Assigned task: Return exactly the lines from the start of the records below through the line containing "1935 Canada Dollar AU-UNC (AU55) Impaired", both ends included, and leave out the pictures.

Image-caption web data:
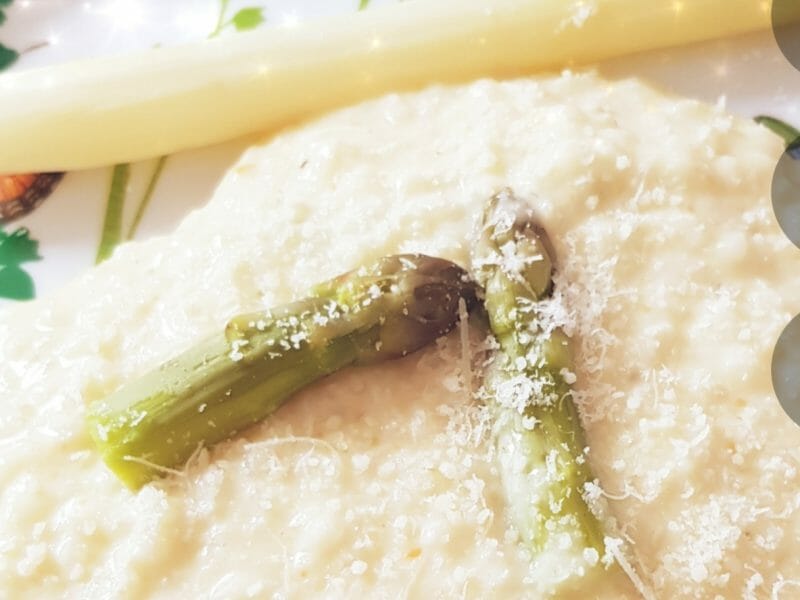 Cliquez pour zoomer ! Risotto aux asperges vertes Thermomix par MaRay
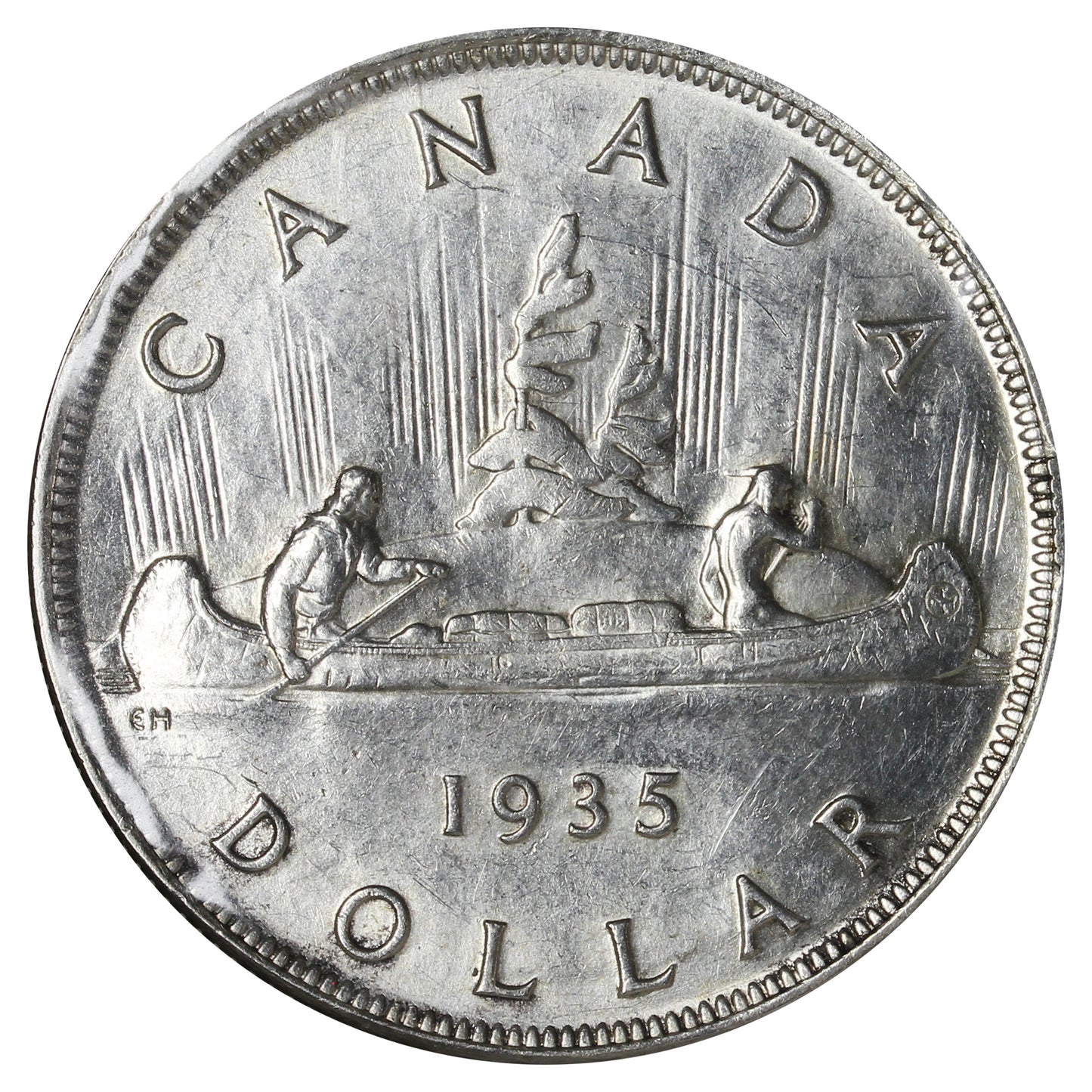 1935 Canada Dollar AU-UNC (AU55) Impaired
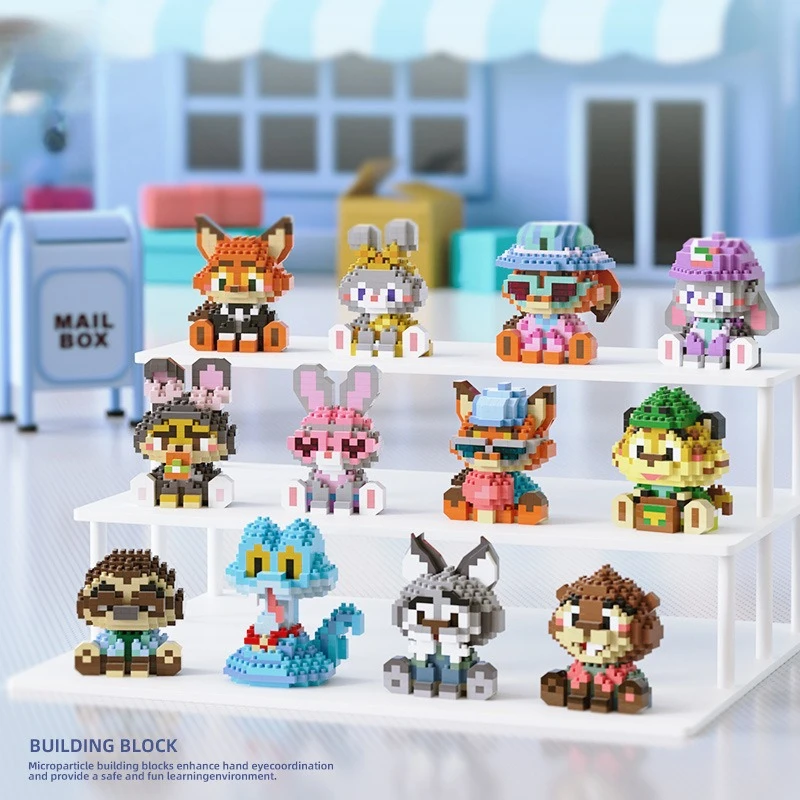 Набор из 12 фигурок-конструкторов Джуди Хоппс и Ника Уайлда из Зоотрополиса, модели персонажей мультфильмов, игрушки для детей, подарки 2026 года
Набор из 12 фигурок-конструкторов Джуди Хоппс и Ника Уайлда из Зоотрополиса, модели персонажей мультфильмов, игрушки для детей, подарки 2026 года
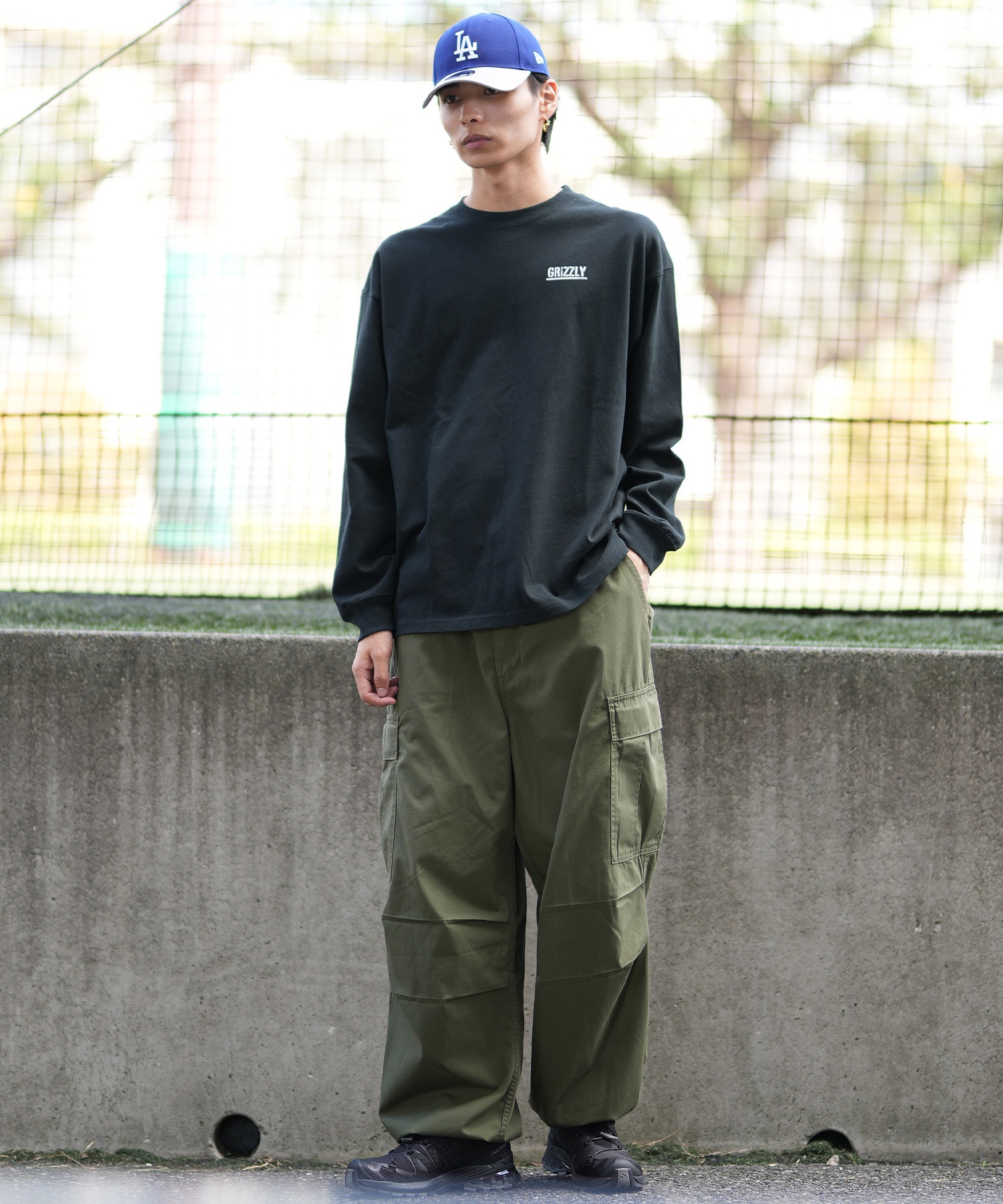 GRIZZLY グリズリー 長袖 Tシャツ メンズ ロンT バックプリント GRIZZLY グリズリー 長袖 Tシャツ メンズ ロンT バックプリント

Task answer:
 Cliquez pour zoomer ! Risotto aux asperges vertes Thermomix par MaRay
 1935 Canada Dollar AU-UNC (AU55) Impaired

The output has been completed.